About this exercise
Print out each record below, unaltered and complete, without its images.

Records shown
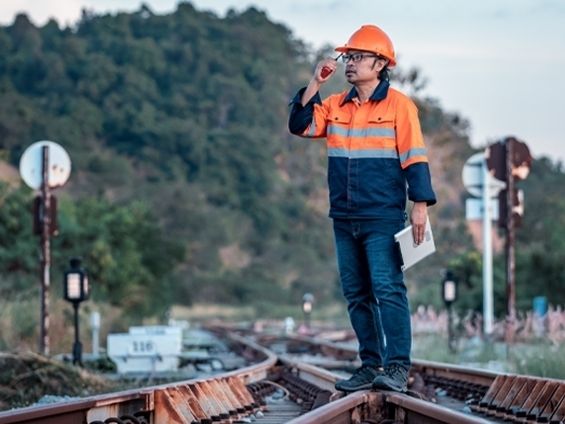 Débat Place publique : Remettre le train sur les rails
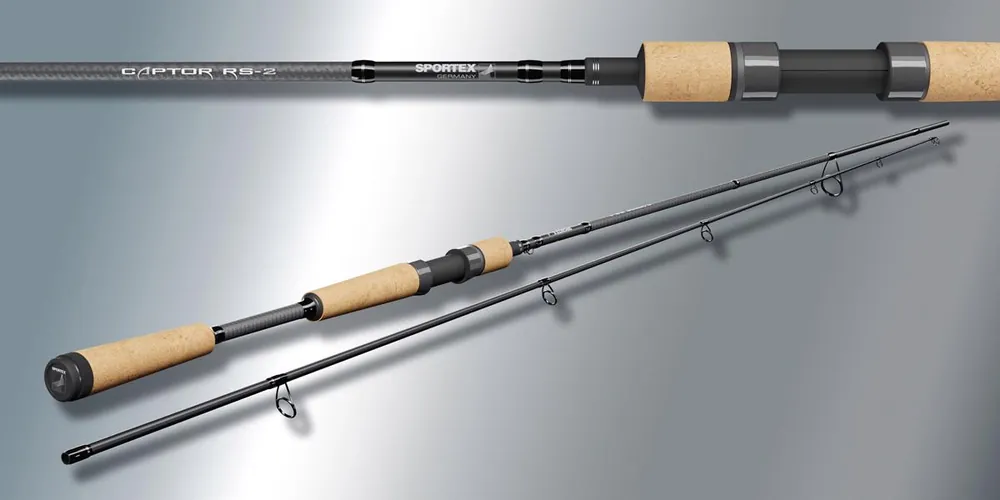 Meest Verkocht Sportex Captor Rs-2 Spin 270 20g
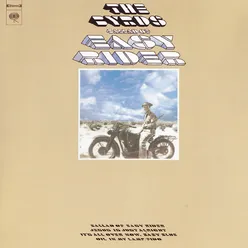 Ballad of Easy Rider Long Version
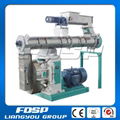  [FDSP] 5t/h livestock feed pellet machine with CE for sale 1
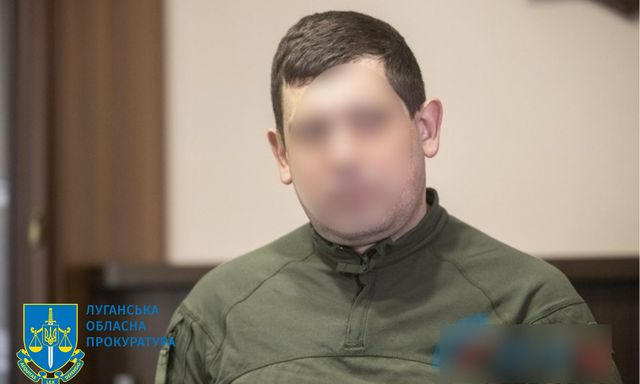 Житель Луганска предстанет перед судом в Днепропетровской области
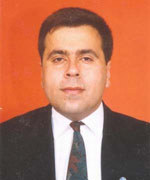 Doç.Dr. FEHMİ ÇALIK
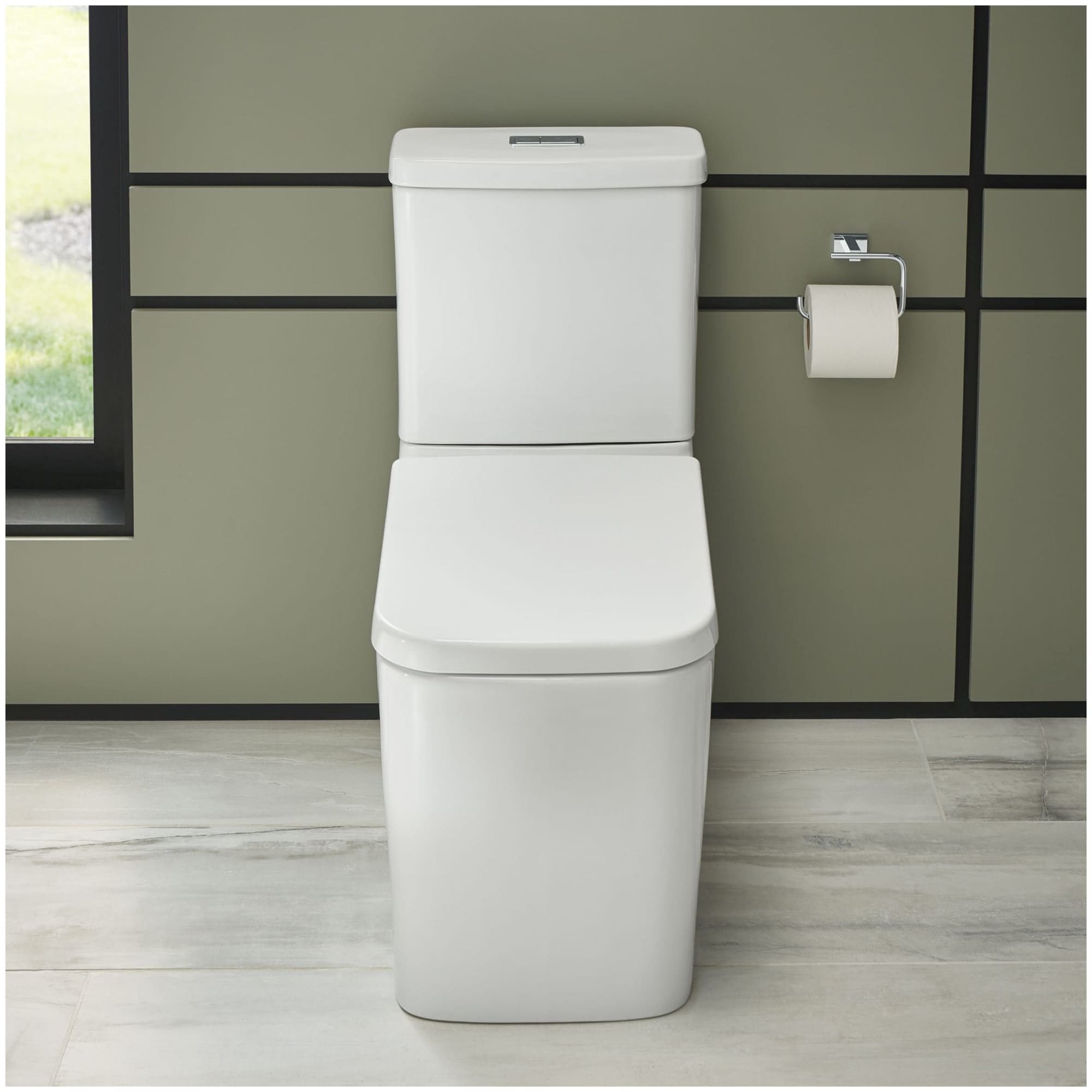 GROHE 39664000 Toilet-Bowls - View #4
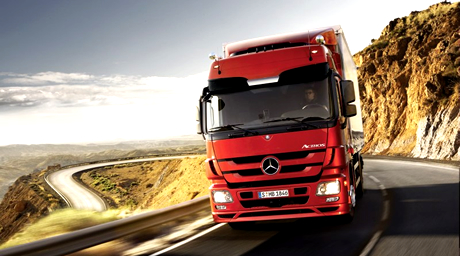 INLAND TRANSPORTATION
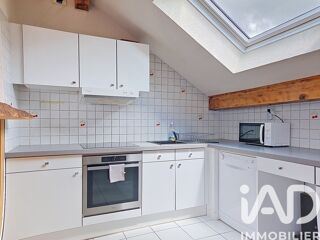  Appartement à vendre 3 pièces 65 m²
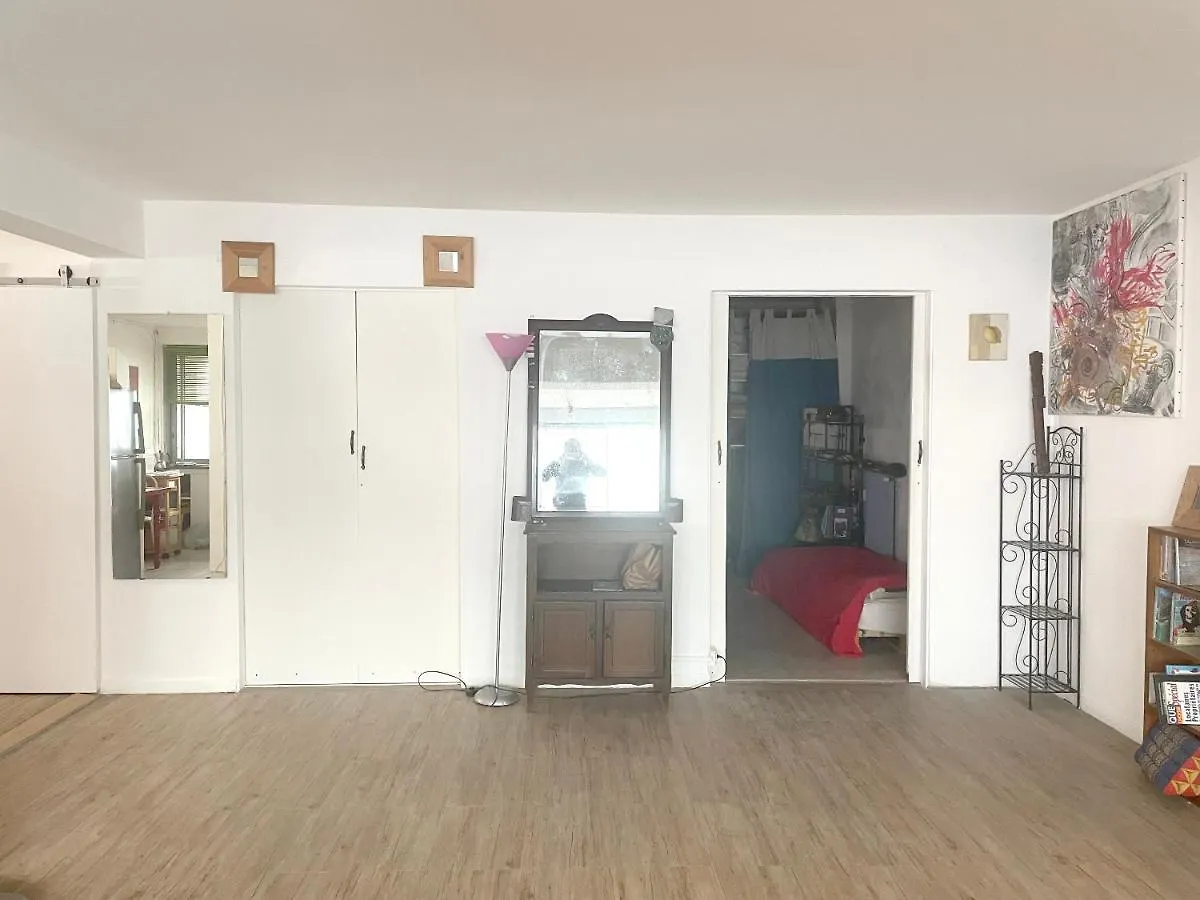 Appartement Confortable Au Coeur De Nice 81 M² Parking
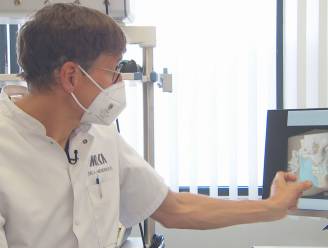 Aantal kaakoperaties bij jongeren op tien jaar tijd bijna verdubbeld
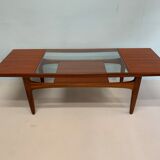 Vintage G-Plan coffee table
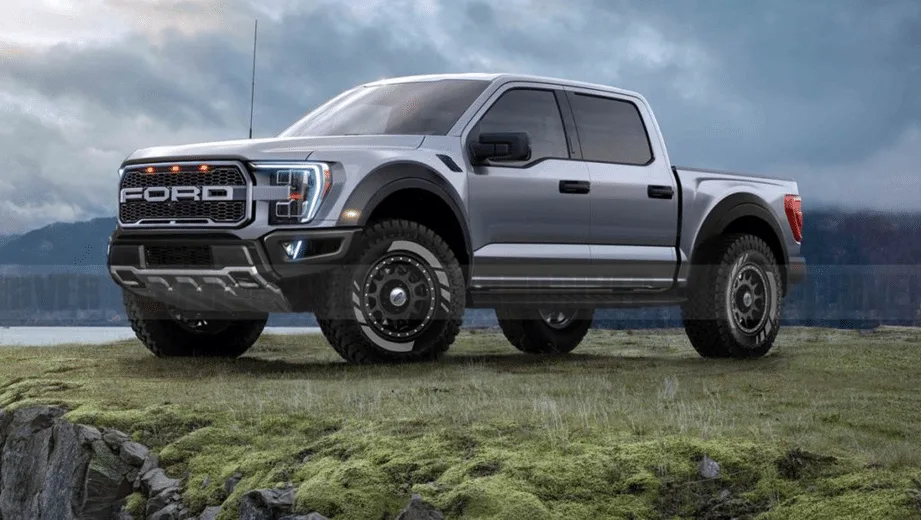 CROSSTRUCKS: Las pickups de lujo que debes conocer 2021. pickups de lujo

Output
 Débat Place publique : Remettre le train sur les rails
 Meest Verkocht Sportex Captor Rs-2 Spin 270 20g
 Ballad of Easy Rider Long Version
  [FDSP] 5t/h livestock feed pellet machine with CE for sale 1
 Житель Луганска предстанет перед судом в Днепропетровской области
 Doç.Dr. FEHMİ ÇALIK
 GROHE 39664000 Toilet-Bowls - View #4
 INLAND TRANSPORTATION
  Appartement à vendre 3 pièces 65 m²
 Appartement Confortable Au Coeur De Nice 81 M² Parking
 Aantal kaakoperaties bij jongeren op tien jaar tijd bijna verdubbeld
 Vintage G-Plan coffee table
 CROSSTRUCKS: Las pickups de lujo que debes conocer 2021. pickups de lujo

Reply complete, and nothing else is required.